Wan2.2-NVFP4-Sparse / analysis.md
charles2530's picture
Add files using upload-large-folder tool
e2634b7 verified

Wan2.2 NVFP4 Sparse to ComfyUI Conversion Analysis

Sources checked

Script provenance

convert_lightx2v_nvfp4_to_comfy.py is a local conversion script written for this directory. It is not copied from one upstream script. The implementation is derived from these upstream pages and ComfyUI source conventions:

Format findings

The original files in this directory are LightX2V NVFP4 Sparse safetensors.
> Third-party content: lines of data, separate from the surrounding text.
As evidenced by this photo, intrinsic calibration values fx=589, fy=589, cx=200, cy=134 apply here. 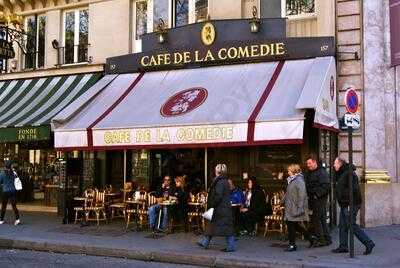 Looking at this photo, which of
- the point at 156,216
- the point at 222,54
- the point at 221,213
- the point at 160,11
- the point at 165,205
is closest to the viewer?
the point at 221,213

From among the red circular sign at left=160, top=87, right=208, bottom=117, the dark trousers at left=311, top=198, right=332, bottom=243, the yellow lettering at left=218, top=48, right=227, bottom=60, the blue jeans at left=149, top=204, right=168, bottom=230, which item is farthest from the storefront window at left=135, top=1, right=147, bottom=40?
the dark trousers at left=311, top=198, right=332, bottom=243

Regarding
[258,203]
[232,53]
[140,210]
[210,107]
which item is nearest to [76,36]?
[232,53]

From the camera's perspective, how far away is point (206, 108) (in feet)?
40.6

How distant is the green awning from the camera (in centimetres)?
1452

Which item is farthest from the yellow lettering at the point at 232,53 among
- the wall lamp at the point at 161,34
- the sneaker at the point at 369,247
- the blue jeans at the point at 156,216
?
the sneaker at the point at 369,247

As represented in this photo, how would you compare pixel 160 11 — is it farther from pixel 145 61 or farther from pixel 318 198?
pixel 318 198

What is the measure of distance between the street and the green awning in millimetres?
3768

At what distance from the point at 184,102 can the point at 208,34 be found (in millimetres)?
2405

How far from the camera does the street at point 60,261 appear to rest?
10.0 metres

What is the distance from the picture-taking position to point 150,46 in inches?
614

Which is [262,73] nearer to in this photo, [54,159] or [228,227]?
[228,227]

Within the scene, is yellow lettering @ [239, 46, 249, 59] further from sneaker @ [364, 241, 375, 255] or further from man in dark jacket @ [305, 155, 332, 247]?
sneaker @ [364, 241, 375, 255]

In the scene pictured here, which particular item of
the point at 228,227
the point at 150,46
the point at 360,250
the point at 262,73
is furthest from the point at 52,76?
the point at 360,250

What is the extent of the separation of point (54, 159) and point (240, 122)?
851 cm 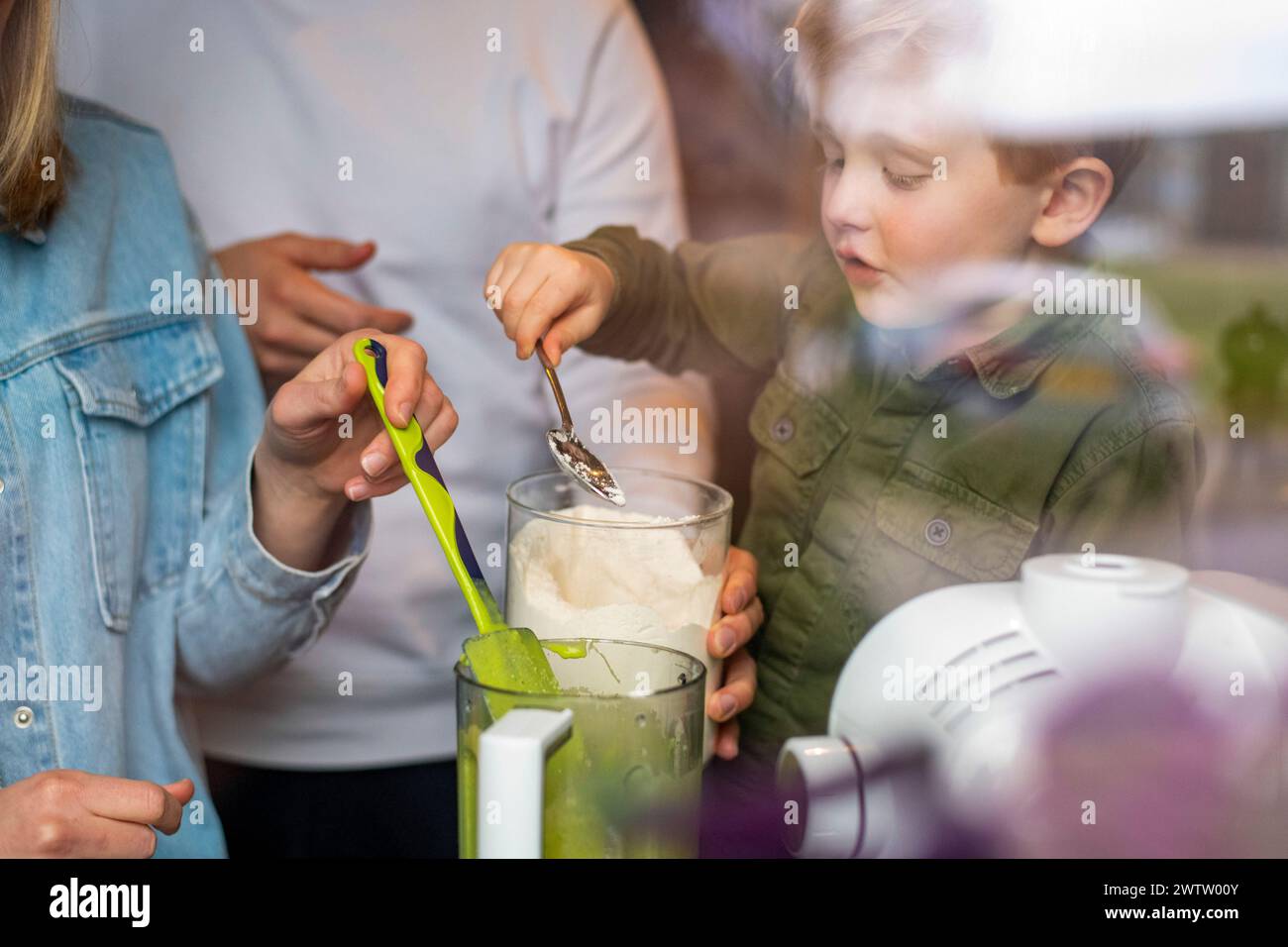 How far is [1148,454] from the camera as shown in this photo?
66 cm

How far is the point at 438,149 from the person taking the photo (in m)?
0.76

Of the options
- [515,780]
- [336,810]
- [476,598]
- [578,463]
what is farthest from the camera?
[336,810]

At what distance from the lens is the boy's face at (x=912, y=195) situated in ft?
2.16

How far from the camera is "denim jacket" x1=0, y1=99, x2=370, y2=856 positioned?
2.27 ft

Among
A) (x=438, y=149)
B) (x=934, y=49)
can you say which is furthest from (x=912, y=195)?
(x=438, y=149)

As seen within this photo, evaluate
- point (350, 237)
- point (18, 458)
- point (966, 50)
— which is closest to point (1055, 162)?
point (966, 50)

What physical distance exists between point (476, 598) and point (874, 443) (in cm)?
25

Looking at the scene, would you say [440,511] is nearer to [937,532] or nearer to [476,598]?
[476,598]

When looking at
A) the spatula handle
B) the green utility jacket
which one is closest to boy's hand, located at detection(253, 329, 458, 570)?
the spatula handle

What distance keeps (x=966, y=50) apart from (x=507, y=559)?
0.36 meters

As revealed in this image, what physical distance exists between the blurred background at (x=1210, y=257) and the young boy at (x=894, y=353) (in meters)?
0.02

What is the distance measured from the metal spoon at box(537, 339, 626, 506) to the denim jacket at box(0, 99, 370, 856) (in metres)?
0.13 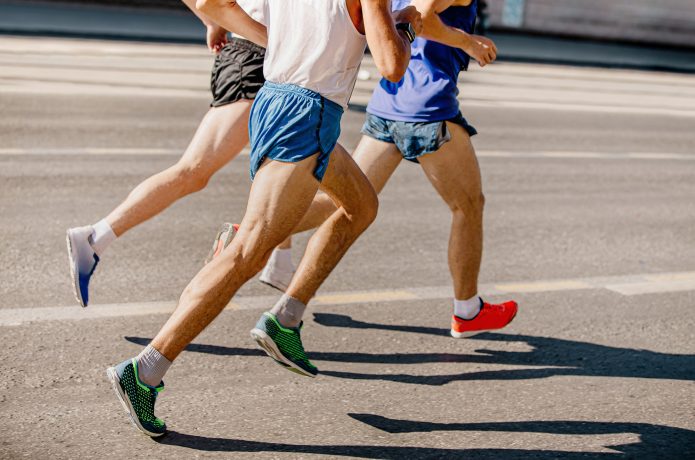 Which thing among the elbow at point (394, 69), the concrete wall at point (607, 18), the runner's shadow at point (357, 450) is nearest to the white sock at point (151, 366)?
the runner's shadow at point (357, 450)

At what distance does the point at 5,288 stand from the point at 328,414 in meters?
2.18

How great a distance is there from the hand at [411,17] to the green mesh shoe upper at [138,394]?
62.5 inches

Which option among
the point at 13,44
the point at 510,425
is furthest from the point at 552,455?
the point at 13,44

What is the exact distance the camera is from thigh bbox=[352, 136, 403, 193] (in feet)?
17.2

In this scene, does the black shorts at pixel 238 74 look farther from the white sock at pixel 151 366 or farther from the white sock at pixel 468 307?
the white sock at pixel 151 366

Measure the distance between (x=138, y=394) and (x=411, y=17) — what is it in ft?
5.61

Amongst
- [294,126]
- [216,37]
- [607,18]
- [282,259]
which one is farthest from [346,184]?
[607,18]

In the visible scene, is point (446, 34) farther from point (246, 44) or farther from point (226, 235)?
point (226, 235)

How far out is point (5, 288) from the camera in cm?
568

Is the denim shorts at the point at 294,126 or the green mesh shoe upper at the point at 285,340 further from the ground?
the denim shorts at the point at 294,126

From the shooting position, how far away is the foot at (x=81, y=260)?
201 inches

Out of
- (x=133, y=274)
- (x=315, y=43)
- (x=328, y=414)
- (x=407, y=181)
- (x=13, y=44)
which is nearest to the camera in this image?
(x=315, y=43)

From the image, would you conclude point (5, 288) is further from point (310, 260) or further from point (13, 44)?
point (13, 44)

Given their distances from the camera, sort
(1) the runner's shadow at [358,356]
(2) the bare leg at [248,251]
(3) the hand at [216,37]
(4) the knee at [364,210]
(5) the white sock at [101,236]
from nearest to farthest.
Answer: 1. (2) the bare leg at [248,251]
2. (4) the knee at [364,210]
3. (1) the runner's shadow at [358,356]
4. (5) the white sock at [101,236]
5. (3) the hand at [216,37] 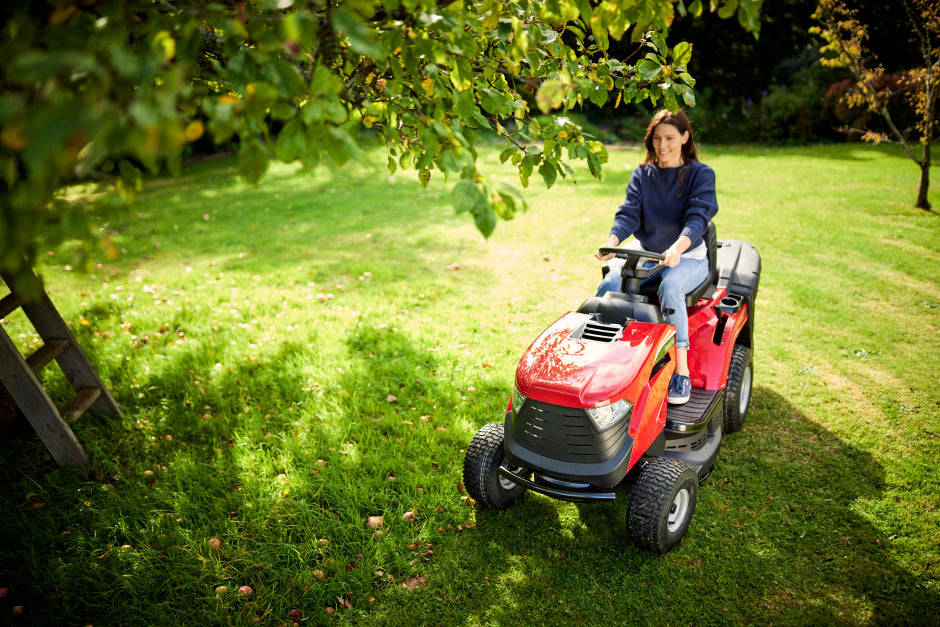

Each file has 400 quantized Linear layers with these LightX2V-side tensors:

  • {layer}.weight: packed NVFP4 values in torch.uint8
  • {layer}.weight_scale: FP8 E4M3 block scale tensor
  • {layer}.alpha: scalar post-matmul rescaler
  • {layer}.input_global_scale: scalar input scale convention

Kijai's model card says the ComfyUI conversion is still NVFP4 and uses the same datatype, but changes conventions:

  • Swap the high/low nibbles in each packed uint8 weight byte.
  • Keep {layer}.weight_scale as-is.
  • Convert {layer}.alpha * {layer}.input_global_scale into {layer}.weight_scale_2.
  • Convert 1 / {layer}.input_global_scale into {layer}.input_scale.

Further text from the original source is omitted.